Partindo de Belém, os bacalhoeiros eram lugres, barcos à vela e veleiros semi-motorizados, que levavam os dóris, pequenos barcos de madeira utilizados para a pesca à linha, e tinham capacidade para carregar entre 900 e 950 toneladas de bacalhau salgado.

Este tipo de pesca era um trabalho duro e perigoso. Os pescadores tinham de enfrentar o vento e a ondulação em alto mar, o perigo de embaterem num icebergue e o nevoeiro frequente. Muitos não conseguiam regressar para o bacalhoeiro e morriam em alto mar. A transição para a pesca de arrastão com barcos modernos foi tardia e lenta, o que eventualmente ditou a morte deste sector.

Durante a Segunda Guerra Mundial, Portugal manteve a sua atividade piscatória. Ao fazer a travessia do oceano Atlântico, os bacalhoeiros Maria de Gloria e Delães foram afundados por submarinos nazis. Um acordo com os Aliados viria a determinar que os navios bacalhoeiros portugueses deveriam ser pintados de branco para assinalar a neutralidade portuguesa no confronto de forma a circularem no Atlântico em segurança, ficando assim conhecidos como a “Frota Branca”.

O “Creoula”, lançado ao Tejo a 10 de Maio de 1937, foi utilizado entre esse ano e 1973 nas campanhas de pesca do bacalhau ao largo da Terra Nova e Gronelândia com um histórico de navegações que equivale a mais de vinte voltas ao mundo.
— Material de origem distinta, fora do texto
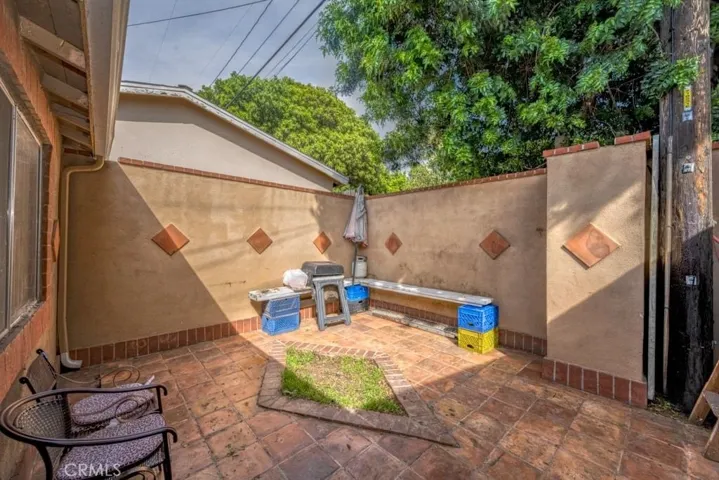 private patio behind guest unit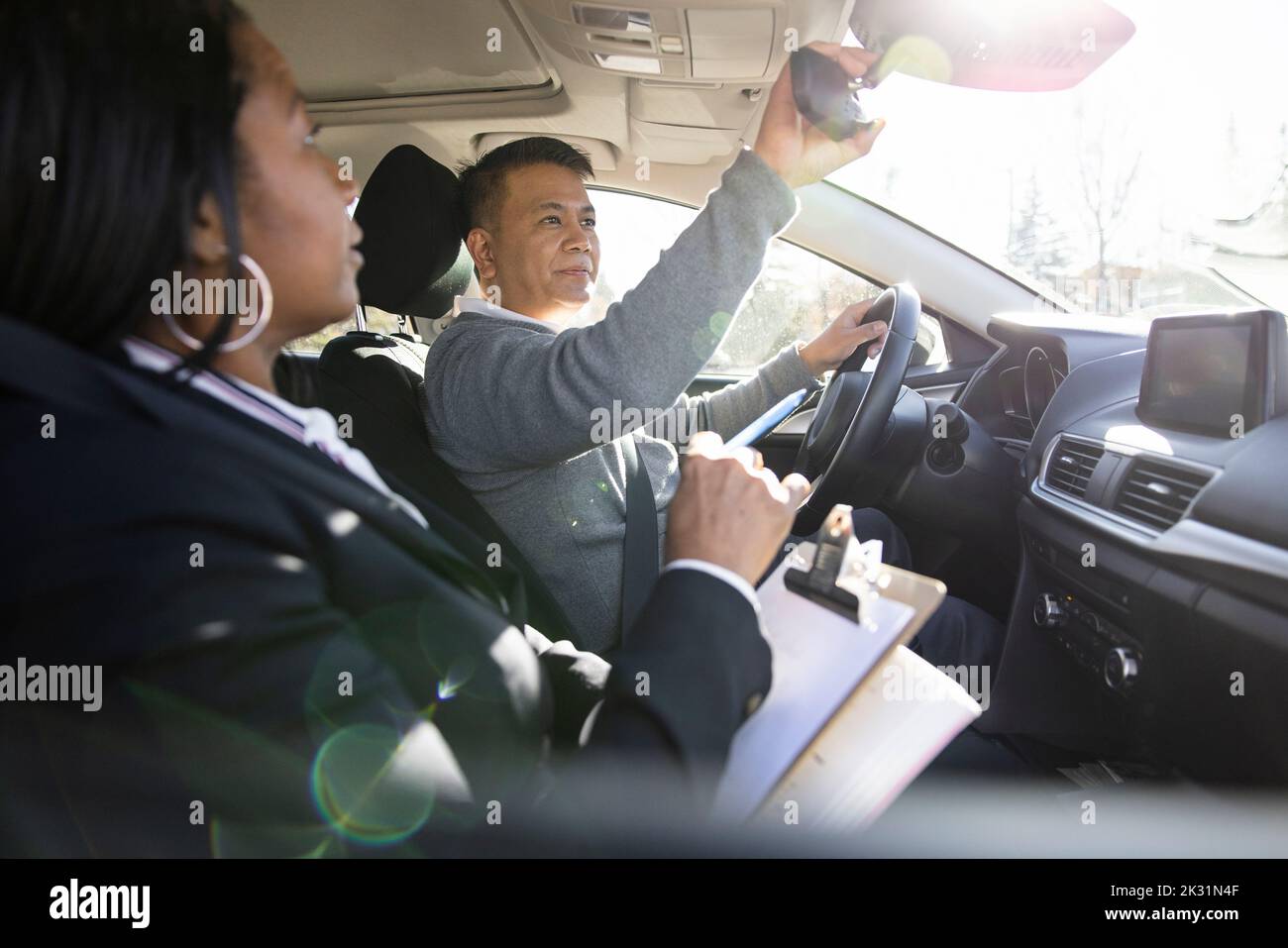 Driving instructor and student adjusting rear view mirror in sunny car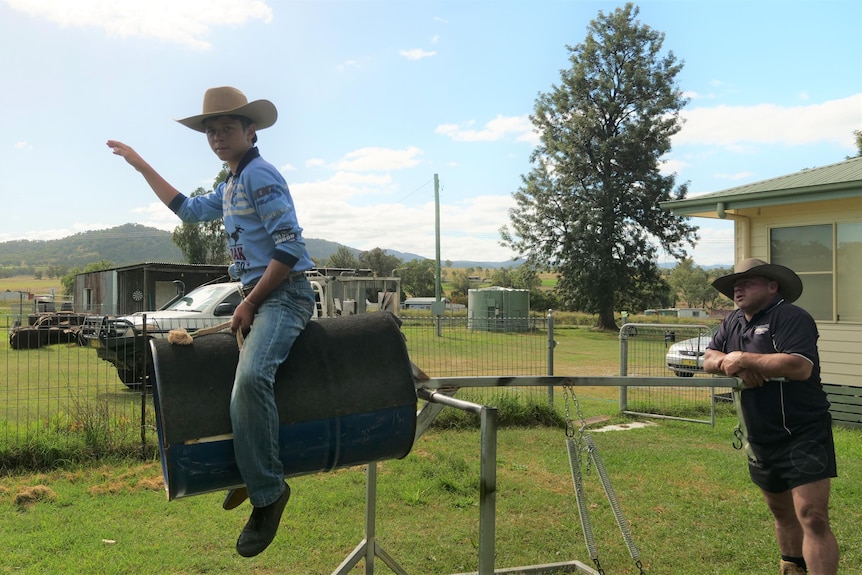 A boy wearing a cowboy hat sits atop a steel drum practicing bull riding as his father moves it. 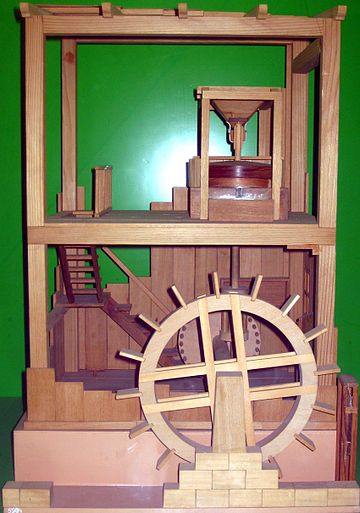 Model of a Roman water-powered grain-mill described by Vitruvius. The millstone (upper floor) is powered by an undershot waterwheel by the way of a gear mechanism (lower floor)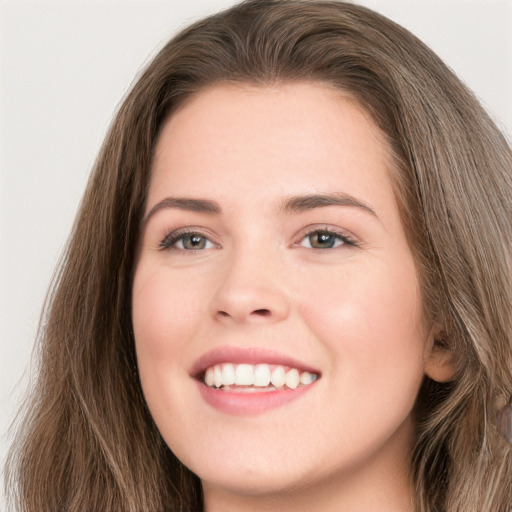 Joyful white young-adult female with long  brown hair and green eyes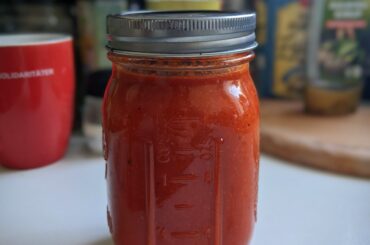 An entire season of growing peppers (both bell and chilli) and tomatoes culminated in 500 mL of tasty fermented hot sauce!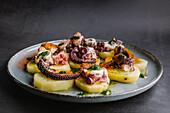 Tasty octopus tentacles on potato slices served on round ceramic plate on gray background in light kitchen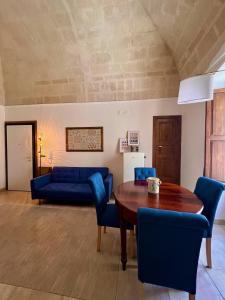 a living room with a table and blue chairs at Le Dimore al Castello in Massafra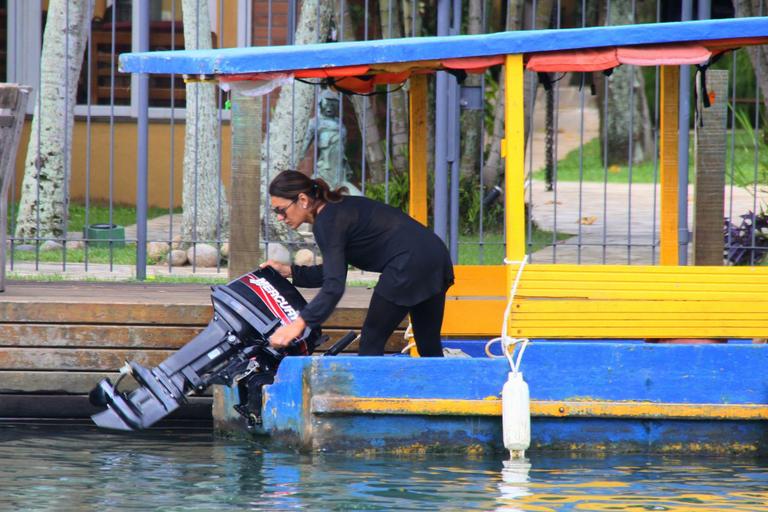 Dira Paes pilota barco ao sair de ilha 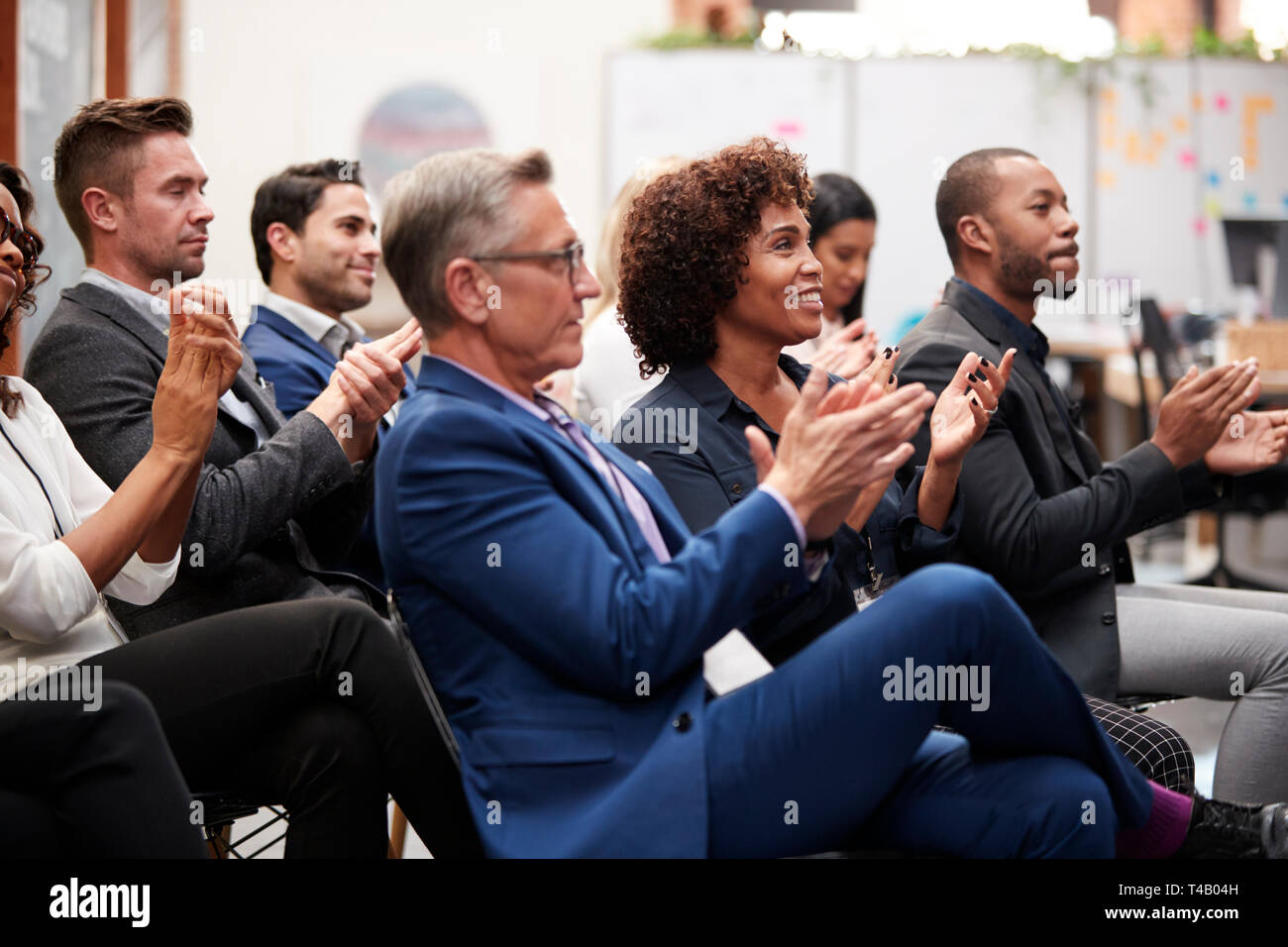Un gruppo di imprenditori e imprenditrici applaudire la presentazione alla conferenza Foto Stock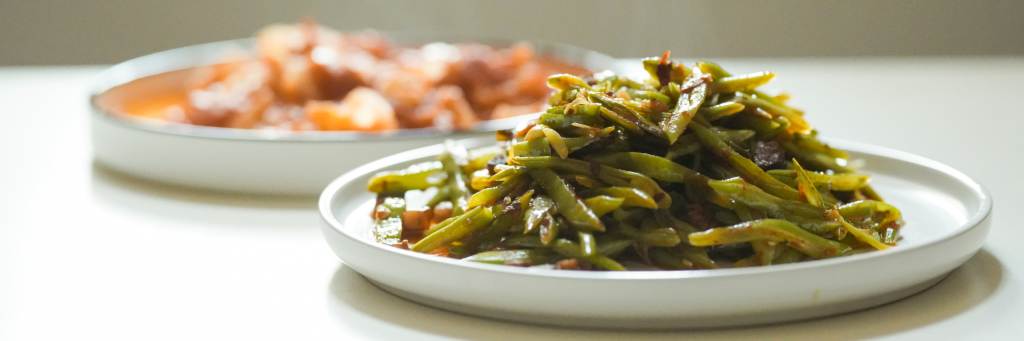 Wide shot of a plate of seasoned green beans with plate of yams blurred in the background.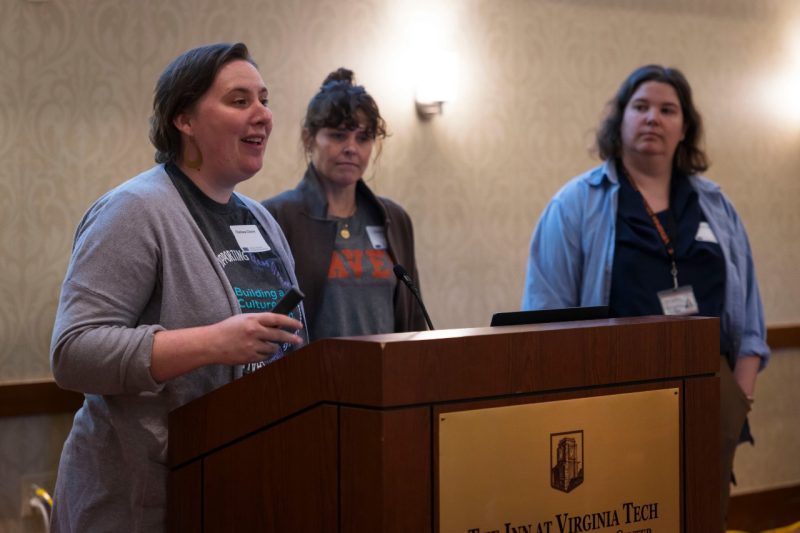 Chelsea Cleary speaks at a podium with Paige Bik and Rebecca Jarvis.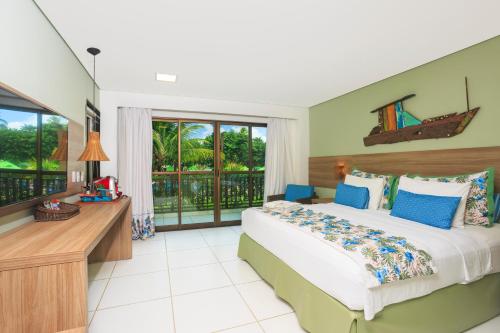 a bedroom with a bed and a balcony at Vivá Porto de Galinhas Resort in Porto De Galinhas
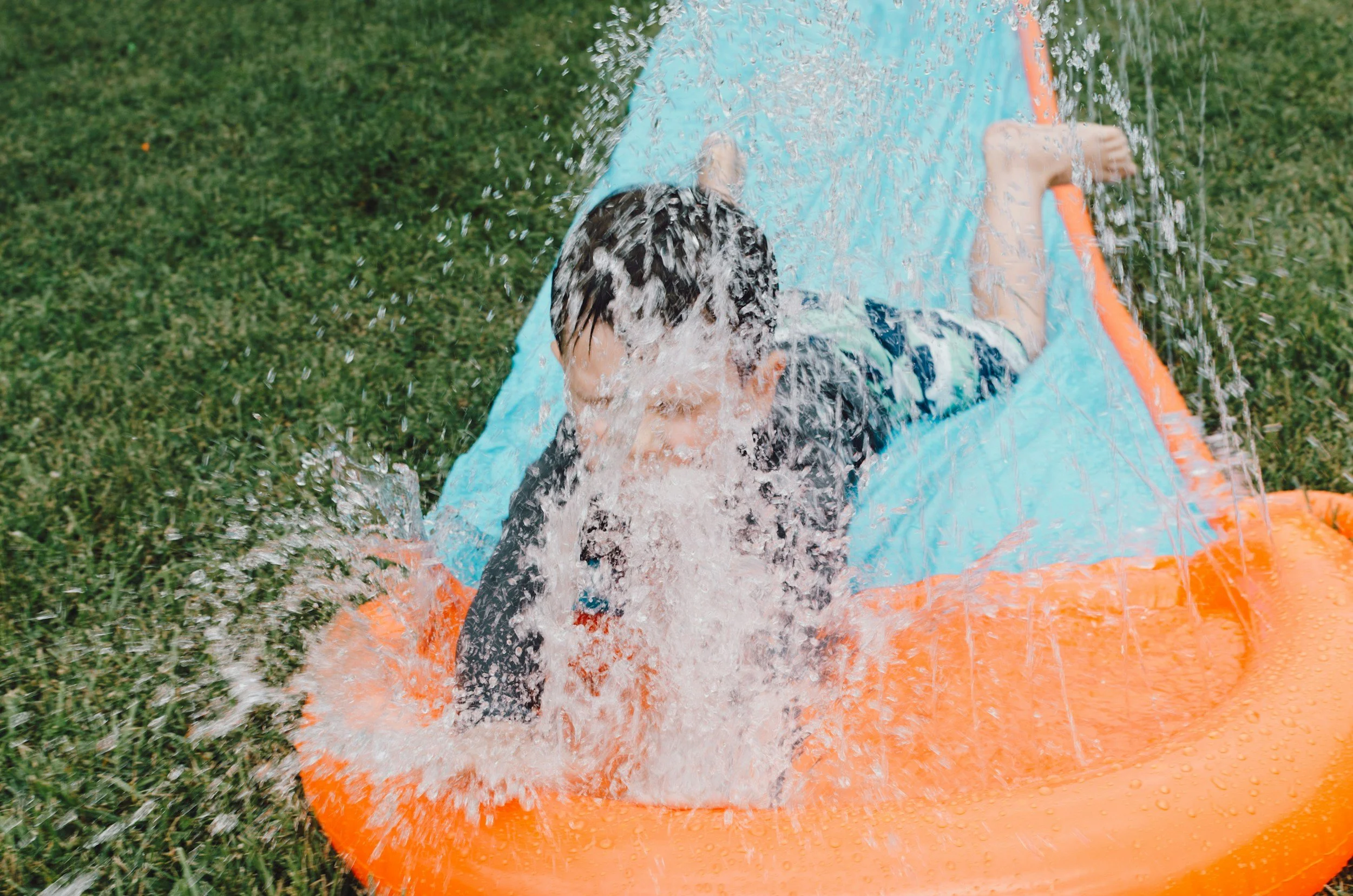 Child playing on an orange and blue inflatable water slide outdoors, spraying water over his face on a grassy area.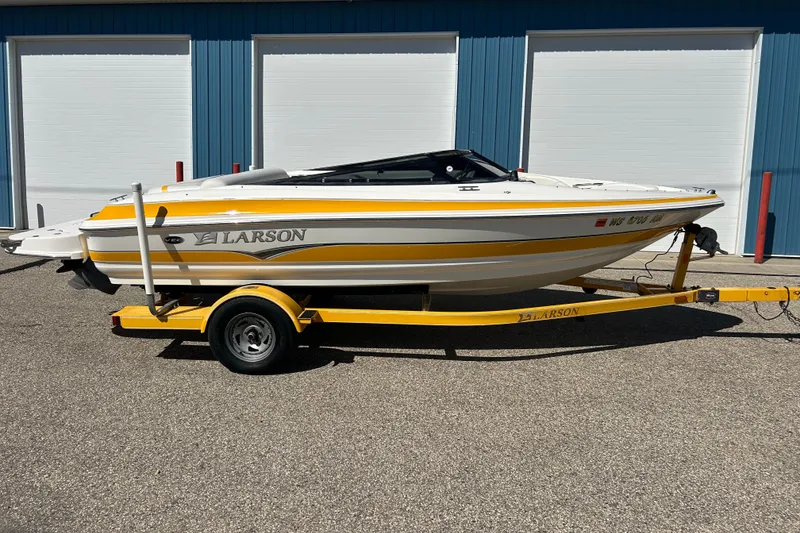 The Image of 2007 Larson SEi 180 LX I/O boat on yellow trailer, parked outdoors. - 0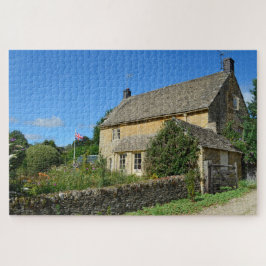 Puzzle Cabaña inglesa con el jardín y la bandera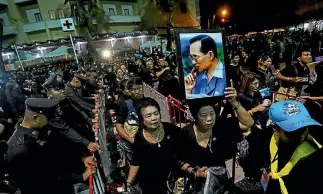  ?? PHOTO: REUTERS ?? Mourners queue as they attend the royal cremation ceremony of Thailand’s late King Bhumibol Adulyadej near the Grand Palace in Bangkok, Thailand.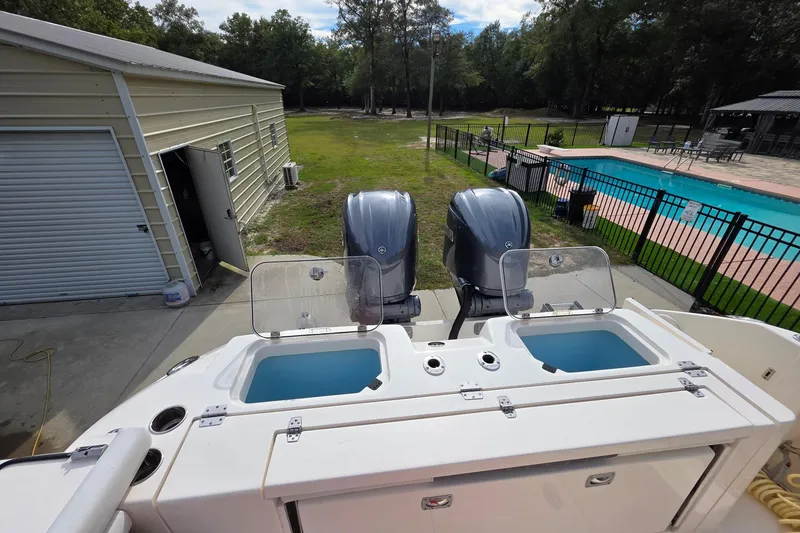 Slide: The Image of 2022 Cobia 320 Center Console boat with dual engines near a pool and garage. - 17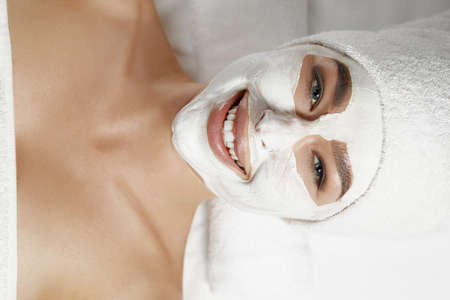Beautiful woman with facial mask, spa treatment.Face peeling mask. skin care.の写真素材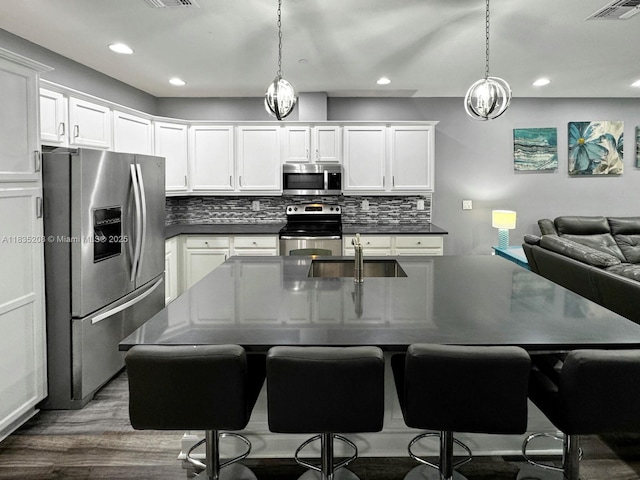 4126 Cascada Cir, Cooper City, FL 33024 - kitchen featuring appliances with stainless steel finishes, dark countertops, dark wood-style flooring, tasteful backsplash, and decorative light fixtures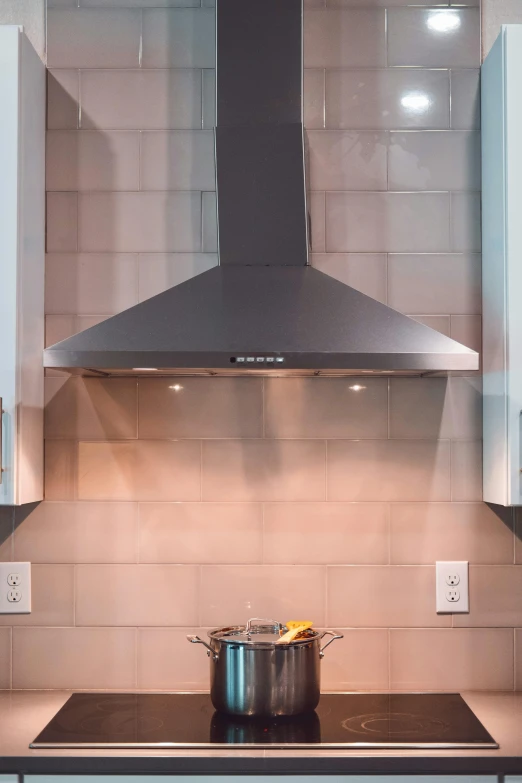 an oven hood and pan are positioned beside a metal cook range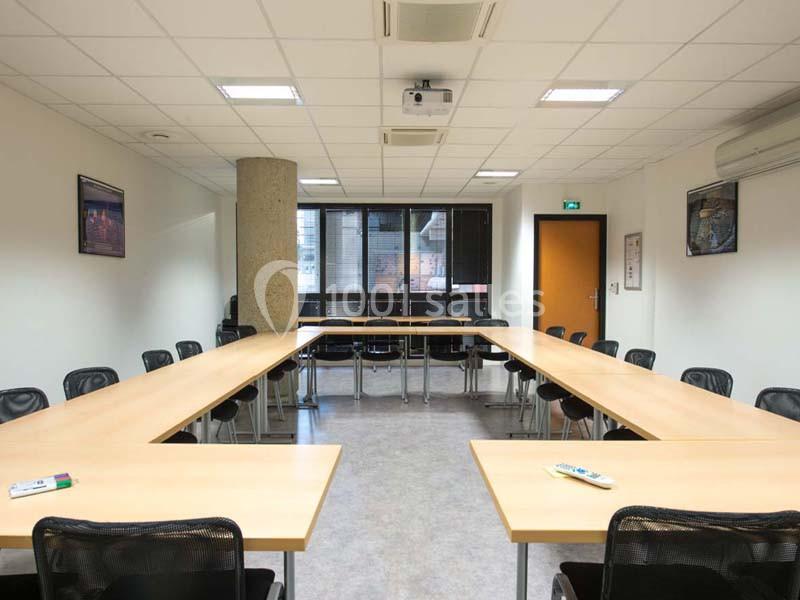 Salle de réunion lumineuse avec tables disposées en U, chaises noires, tableau blanc et projecteur au plafond.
Atualmente navio de instrução da Marinha Portuguesa é, juntamente com outros três lugres ex-bacalhoeiros - o "Santa Maria Manuela", o "Argus" e o "Gazela" - um dos últimos sobreviventes desta frota.

Após o conflito, a pesca do bacalhau torna-se um emblema do sistema corporativo e em 1957 Portugal é já o primeiro produtor mundial de bacalhau salgado seco, e o nível de substituição das importações aproxima-se dos 80%. Por esta altura, o trigo e o bacalhau eram os produtos que mais pesavam na estrutura alimentar e na balança comercial do país. 

Historicamente, o processo de cura do bacalhau começava nos bacalhoeiros, onde era imediatamente salgado. Ao chegar a terra, o peixe era lavado para remover todo o sal e secado para desidratar. A secagem do bacalhau era feita ao ar livre no Algarve, Margem Sul do Tejo, Setúbal, Figueira da Foz, Aveiro e Viana do Castelo. Era, geralmente, um trabalho feito por mulheres.

Com uma área de 360 hectares, as Salinas do Samouco em Alcochete foram, entre as décadas de 1930 e 1970, o principal centro salineiro da região de Lisboa. Daqui saía o sal em barcos para a salga do bacalhau, na distante Terra Nova, ou para os armazéns, no Cais do Sodré, para ser consumido na capital.

A Sociedade Nacional de Armadores de Bacalhau, uma das três fábricas de secagem e preparação de bacalhau que existiam em Alcochete e da qual resta hoje apenas o edifício, situava-se à entrada deste complexo.

1974 dita o último ano em que uma frota de bacalhoeiros partiu para a Terra Nova, o que coincide com a queda da ditadura em Portugal.

No entanto, hoje em dia continuamos a adorar bacalhau e diz-se que conhecemos 1001 maneiras diferentes de o cozinhar. Atualmente, 70% do bacalhau chega-nos da Noruega e os portugueses são responsáveis pelo consumo de 20% da captura mundial, à luz do consumo sustentável, das alterações climáticas e da sua versatilidade gastronómica.